GIVEN RECORDS: Begin

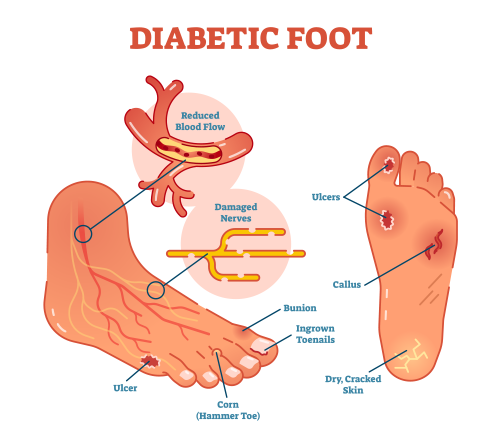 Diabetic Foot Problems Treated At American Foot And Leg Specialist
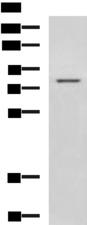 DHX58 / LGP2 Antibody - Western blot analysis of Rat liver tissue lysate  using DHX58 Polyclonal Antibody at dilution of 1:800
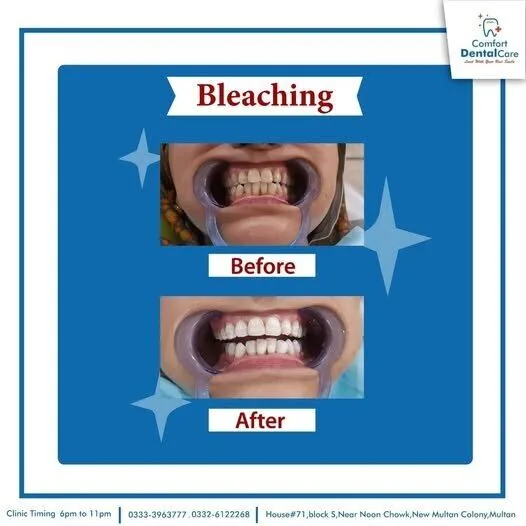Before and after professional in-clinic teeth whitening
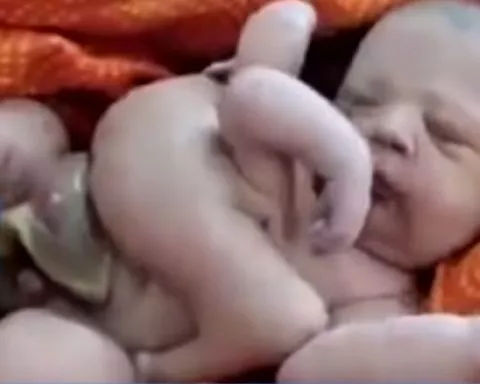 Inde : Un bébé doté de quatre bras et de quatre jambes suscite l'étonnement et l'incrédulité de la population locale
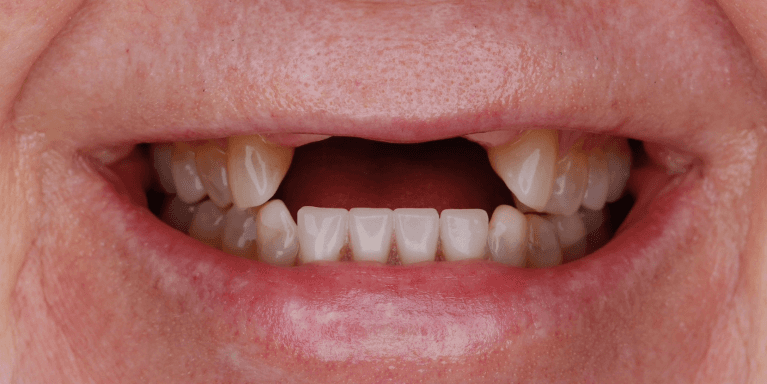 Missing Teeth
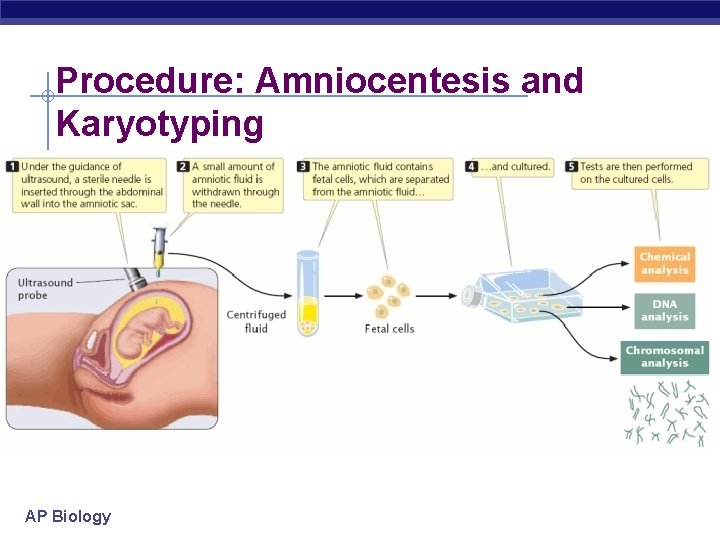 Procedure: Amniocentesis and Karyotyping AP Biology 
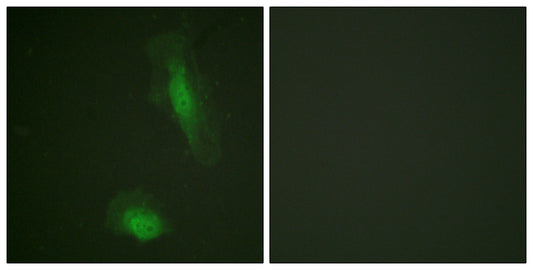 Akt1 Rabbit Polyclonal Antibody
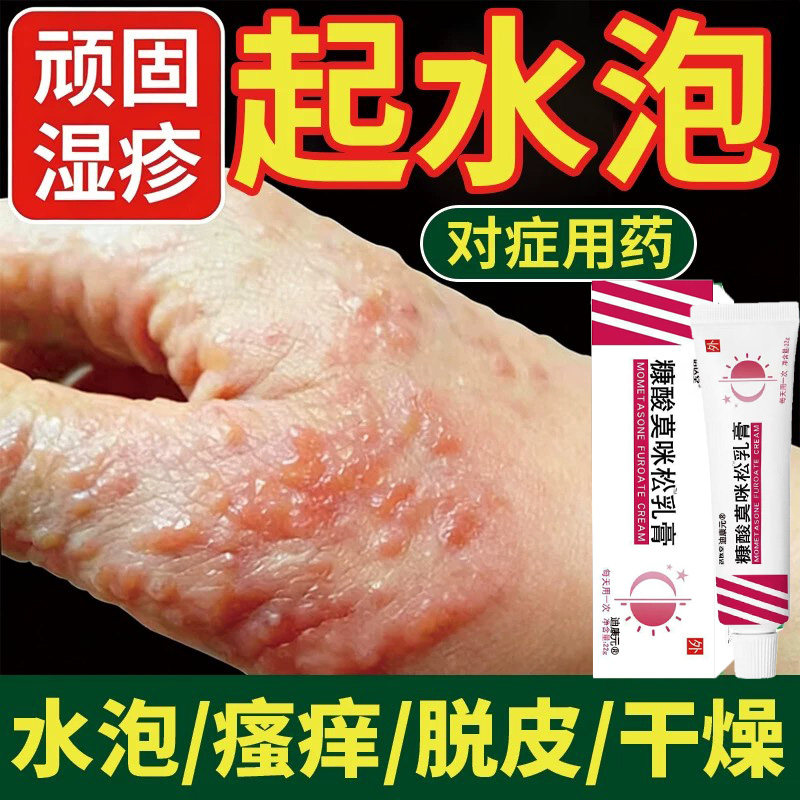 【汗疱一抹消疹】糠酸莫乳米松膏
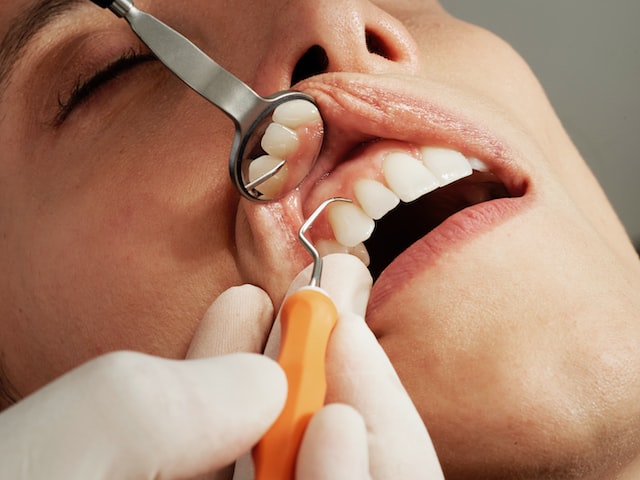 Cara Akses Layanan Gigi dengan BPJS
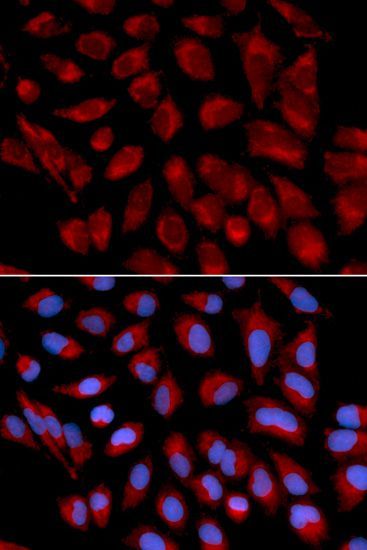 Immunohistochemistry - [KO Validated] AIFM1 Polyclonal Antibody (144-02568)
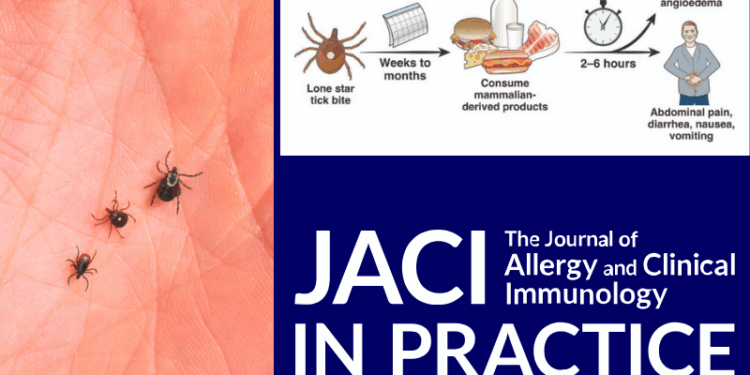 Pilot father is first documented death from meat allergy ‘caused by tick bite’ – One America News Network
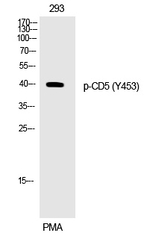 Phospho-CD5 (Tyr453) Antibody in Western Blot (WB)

GIVEN RECORDS: End
GIVEN RECORDS: Begin

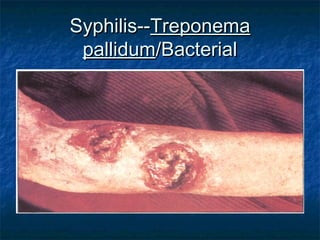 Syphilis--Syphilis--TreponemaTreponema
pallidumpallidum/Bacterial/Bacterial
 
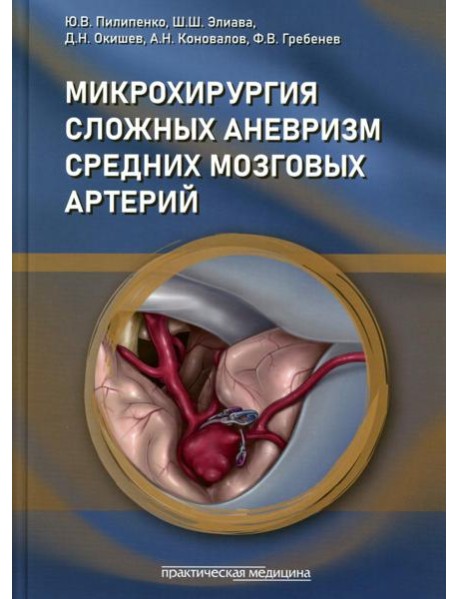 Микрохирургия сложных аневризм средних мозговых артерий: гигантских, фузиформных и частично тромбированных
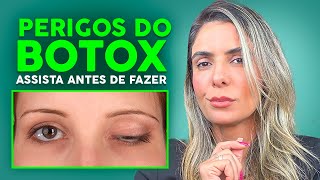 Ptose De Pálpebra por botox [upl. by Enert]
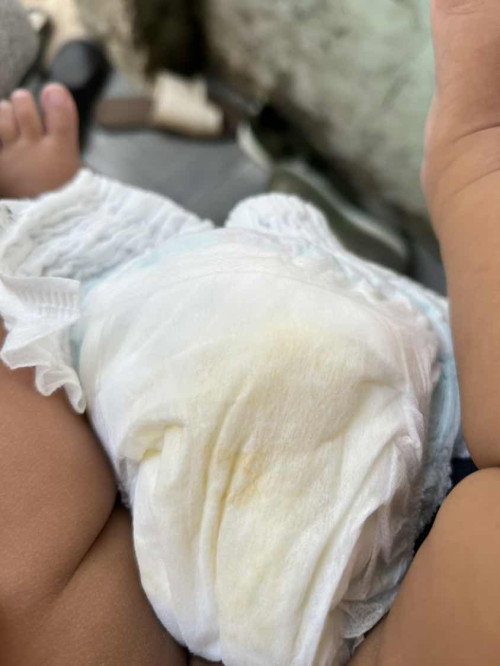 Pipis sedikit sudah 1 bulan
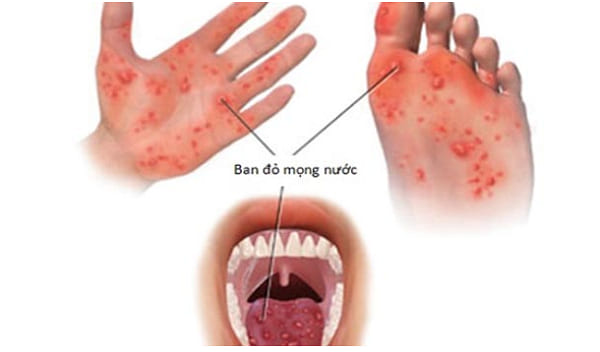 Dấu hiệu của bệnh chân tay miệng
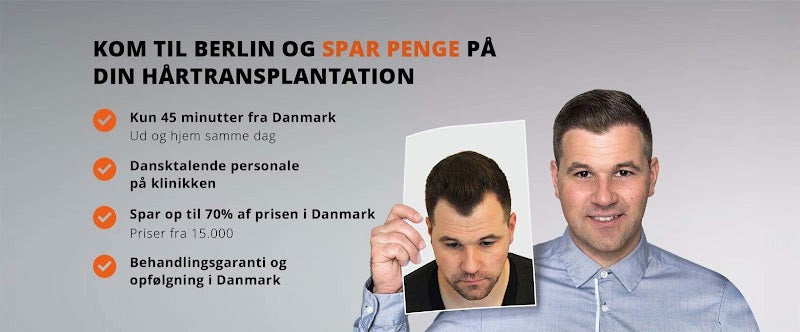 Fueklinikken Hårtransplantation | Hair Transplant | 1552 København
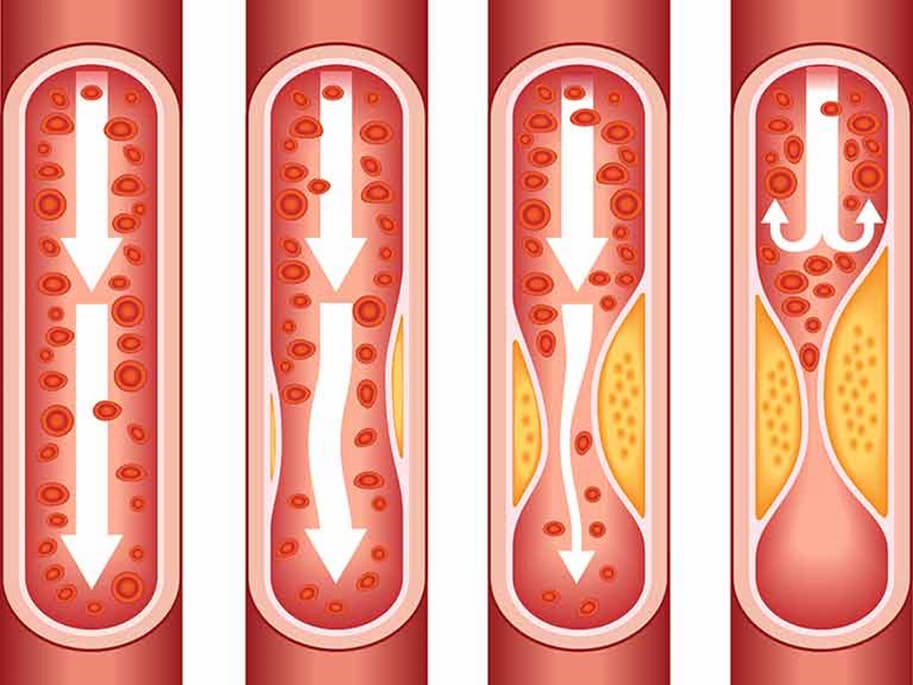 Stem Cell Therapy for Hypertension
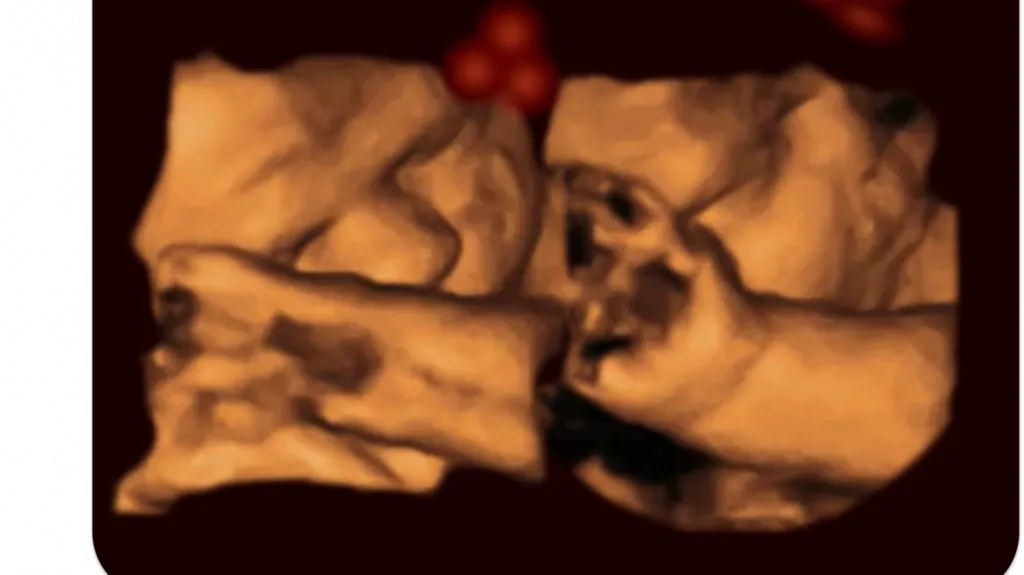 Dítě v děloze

GIVEN RECORDS: End
GIVEN RECORDS: Begin

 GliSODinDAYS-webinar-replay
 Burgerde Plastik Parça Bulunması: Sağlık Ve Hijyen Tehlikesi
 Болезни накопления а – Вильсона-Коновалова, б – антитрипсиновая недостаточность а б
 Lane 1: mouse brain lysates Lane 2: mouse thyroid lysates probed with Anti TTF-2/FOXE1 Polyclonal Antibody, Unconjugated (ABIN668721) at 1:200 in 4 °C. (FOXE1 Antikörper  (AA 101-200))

GIVEN RECORDS: End

** TASK DETAILS **
Take the material above from the line containing "pallidumpallidum/Bacterial/Bacterial" up to and including the line containing "Dítě v děloze" and retype it exactly, without any pictures.

** ANSWER FOR THIS EXERCISE **
pallidumpallidum/Bacterial/Bacterial
 
 Микрохирургия сложных аневризм средних мозговых артерий: гигантских, фузиформных и частично тромбированных
 Ptose De Pálpebra por botox [upl. by Enert]
 Pipis sedikit sudah 1 bulan
 Dấu hiệu của bệnh chân tay miệng
 Fueklinikken Hårtransplantation | Hair Transplant | 1552 København
 Stem Cell Therapy for Hypertension
 Dítě v děloze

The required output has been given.